Rares sont les décisions dans le domaine du marché de l’art consacrant la nullité du contrat de vente sur le fondement du dol. Dans une décision rendue le 15 mai 2020, la Cour d’appel de Rennes a prononcé la nullité pour dol de la vente réalisée par un antiquaire d’un vase, prétendument créé par l’artiste céramiste Hans Coper (1920-1980), à un couple de collectionneurs[1]. En effet, cette société, professionnelle en matière d’antiquités, avait usé de divers stratagèmes afin d’emporter le consentement des collectionneurs, notamment la présentation erronée du précédent propriétaire du vase.

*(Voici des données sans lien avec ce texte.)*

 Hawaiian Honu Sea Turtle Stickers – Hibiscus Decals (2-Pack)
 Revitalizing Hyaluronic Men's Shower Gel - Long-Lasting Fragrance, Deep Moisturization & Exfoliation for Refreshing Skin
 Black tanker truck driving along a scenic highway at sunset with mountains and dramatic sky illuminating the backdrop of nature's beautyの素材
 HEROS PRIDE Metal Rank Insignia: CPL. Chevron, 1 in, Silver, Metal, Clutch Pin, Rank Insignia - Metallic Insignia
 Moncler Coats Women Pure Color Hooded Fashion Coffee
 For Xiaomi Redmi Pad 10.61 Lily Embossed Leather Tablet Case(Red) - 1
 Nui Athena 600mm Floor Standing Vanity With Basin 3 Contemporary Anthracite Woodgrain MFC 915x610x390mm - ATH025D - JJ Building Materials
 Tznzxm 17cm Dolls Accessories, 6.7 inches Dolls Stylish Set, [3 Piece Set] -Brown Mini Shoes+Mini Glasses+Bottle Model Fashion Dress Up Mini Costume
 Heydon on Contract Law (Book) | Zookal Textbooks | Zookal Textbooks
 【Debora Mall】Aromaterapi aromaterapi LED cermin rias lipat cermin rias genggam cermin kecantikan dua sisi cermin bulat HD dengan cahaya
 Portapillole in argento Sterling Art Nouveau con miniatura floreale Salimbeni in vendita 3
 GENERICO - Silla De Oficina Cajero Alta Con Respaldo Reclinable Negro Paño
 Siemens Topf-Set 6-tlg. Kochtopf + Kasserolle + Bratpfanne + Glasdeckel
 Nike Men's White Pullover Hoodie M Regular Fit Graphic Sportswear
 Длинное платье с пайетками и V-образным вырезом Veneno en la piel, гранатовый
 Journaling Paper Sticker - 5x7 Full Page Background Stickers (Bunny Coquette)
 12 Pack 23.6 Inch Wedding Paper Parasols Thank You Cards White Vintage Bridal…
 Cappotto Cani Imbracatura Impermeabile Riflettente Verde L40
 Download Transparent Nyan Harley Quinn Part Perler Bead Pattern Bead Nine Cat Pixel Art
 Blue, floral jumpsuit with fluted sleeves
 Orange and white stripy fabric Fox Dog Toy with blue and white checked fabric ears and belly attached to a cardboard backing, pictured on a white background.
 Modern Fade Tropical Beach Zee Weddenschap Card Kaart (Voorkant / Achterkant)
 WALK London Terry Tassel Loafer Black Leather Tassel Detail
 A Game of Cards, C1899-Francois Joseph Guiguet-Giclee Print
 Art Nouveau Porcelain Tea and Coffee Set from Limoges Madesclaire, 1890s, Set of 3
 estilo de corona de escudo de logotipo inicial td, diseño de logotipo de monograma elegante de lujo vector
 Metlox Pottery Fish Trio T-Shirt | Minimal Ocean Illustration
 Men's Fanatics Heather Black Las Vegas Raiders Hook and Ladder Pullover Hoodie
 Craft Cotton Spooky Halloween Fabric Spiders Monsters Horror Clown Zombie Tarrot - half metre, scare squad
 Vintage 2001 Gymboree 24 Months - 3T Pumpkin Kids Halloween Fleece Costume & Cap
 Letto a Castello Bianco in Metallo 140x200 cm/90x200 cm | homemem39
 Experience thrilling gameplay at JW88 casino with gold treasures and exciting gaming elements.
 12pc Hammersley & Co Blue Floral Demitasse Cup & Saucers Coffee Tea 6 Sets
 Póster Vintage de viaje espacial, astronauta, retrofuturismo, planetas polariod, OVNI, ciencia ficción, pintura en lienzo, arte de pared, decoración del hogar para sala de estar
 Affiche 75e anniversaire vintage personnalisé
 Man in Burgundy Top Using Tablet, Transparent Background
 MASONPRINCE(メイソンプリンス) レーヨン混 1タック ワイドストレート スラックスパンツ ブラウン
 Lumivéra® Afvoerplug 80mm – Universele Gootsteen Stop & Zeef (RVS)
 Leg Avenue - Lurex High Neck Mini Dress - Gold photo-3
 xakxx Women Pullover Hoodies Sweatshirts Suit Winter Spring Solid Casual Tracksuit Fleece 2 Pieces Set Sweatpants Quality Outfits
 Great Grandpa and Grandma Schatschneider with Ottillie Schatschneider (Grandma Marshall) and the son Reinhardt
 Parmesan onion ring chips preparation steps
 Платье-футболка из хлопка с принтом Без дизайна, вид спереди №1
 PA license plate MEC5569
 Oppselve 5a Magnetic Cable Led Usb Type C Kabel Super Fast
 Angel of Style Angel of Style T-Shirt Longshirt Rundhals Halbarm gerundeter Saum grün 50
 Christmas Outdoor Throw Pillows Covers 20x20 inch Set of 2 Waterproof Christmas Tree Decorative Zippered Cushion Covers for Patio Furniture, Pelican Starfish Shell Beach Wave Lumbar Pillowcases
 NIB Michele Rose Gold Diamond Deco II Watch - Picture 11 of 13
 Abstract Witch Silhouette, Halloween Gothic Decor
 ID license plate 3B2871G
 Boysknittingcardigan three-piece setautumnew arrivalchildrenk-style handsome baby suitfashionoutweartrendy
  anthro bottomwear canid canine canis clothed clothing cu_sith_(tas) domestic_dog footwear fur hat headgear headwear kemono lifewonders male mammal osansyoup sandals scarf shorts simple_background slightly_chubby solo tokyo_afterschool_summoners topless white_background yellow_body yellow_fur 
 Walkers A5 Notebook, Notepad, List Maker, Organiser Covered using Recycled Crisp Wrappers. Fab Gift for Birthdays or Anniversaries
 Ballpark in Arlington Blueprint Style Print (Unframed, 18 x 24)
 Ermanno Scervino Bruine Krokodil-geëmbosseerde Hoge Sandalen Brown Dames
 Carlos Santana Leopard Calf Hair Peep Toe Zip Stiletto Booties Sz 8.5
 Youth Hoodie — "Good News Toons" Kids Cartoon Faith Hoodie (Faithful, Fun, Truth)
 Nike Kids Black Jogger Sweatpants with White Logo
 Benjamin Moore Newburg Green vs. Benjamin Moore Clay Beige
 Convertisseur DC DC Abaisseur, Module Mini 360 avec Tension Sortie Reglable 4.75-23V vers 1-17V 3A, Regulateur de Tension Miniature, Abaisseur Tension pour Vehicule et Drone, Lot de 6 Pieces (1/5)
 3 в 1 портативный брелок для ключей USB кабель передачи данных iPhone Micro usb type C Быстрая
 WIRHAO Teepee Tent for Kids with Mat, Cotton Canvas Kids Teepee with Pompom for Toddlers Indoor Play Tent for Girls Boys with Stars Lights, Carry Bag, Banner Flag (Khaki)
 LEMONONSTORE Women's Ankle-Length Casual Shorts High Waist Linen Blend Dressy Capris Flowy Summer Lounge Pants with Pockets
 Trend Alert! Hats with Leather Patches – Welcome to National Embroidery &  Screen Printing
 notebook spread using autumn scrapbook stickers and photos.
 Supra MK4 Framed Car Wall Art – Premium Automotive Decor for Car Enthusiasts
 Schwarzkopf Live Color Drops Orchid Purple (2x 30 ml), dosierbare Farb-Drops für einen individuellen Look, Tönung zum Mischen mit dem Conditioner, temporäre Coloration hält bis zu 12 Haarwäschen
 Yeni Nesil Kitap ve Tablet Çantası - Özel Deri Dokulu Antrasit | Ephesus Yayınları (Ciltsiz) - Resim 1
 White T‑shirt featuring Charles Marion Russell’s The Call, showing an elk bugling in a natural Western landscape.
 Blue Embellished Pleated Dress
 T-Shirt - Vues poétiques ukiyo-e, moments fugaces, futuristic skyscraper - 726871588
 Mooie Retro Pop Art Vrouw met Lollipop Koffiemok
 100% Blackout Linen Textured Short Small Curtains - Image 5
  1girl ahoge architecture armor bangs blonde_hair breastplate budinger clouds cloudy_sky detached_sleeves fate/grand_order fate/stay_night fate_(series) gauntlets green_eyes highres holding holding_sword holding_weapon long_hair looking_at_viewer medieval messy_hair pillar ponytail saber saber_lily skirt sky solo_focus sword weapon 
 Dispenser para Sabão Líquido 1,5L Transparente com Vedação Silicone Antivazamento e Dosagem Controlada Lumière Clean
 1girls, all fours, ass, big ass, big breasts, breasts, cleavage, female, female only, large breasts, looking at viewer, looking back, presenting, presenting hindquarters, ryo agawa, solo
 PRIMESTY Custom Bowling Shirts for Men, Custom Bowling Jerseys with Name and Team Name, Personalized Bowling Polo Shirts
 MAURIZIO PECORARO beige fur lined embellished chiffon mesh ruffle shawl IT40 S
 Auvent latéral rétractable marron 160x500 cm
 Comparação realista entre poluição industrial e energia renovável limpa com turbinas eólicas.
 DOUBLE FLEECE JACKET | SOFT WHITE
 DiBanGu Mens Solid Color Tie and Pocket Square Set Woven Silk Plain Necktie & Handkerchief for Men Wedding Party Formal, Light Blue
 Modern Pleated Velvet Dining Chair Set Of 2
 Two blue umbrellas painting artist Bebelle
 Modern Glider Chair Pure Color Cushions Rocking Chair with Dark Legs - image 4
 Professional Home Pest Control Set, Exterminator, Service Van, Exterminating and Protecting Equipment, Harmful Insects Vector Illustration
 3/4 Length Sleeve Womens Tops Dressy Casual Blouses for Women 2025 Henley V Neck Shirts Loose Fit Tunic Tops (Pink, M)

L’auteur d’une oeuvre, qualité essentielle du contrat de vente d’une oeuvre ou d’un objet d’art
Le vase objet du litige avait été vendu en 2010 par la société comme un vase « Chardon » de Hans Coper, célèbre artiste céramiste, pour 5.000 euros. En 2014, après avoir constaté une hausse de la cote de cet artiste, le couple de collectionneurs avait souhaité mettre à l’encan cet objet et s’était rapproché à cette fin d’une célèbre maison de ventes aux enchères anglo-saxonne. Toutefois, le directeur des ventes leur indiqua sur simple présentation de photographies, que le vase serait un faux. Après une vaine tentative de résolution amiable du litige avec l’antiquaire, les époux ont obtenu la désignation d’un expert judiciaire qui confirmait les soupçons sur l’authenticité. Selon l’expert judiciaire, les sceaux de Hans Coper sont toujours tracés et creusés dans la céramique de la façon suivante : « l’initiale H de Hans toujours couchée avec la barre du centre débordant légèrement vers le bas et l’initiale C figurant un fond de bol sur la lettre H ». Tel n’était pourtant pas le cas du vase acheté par les collectionneurs.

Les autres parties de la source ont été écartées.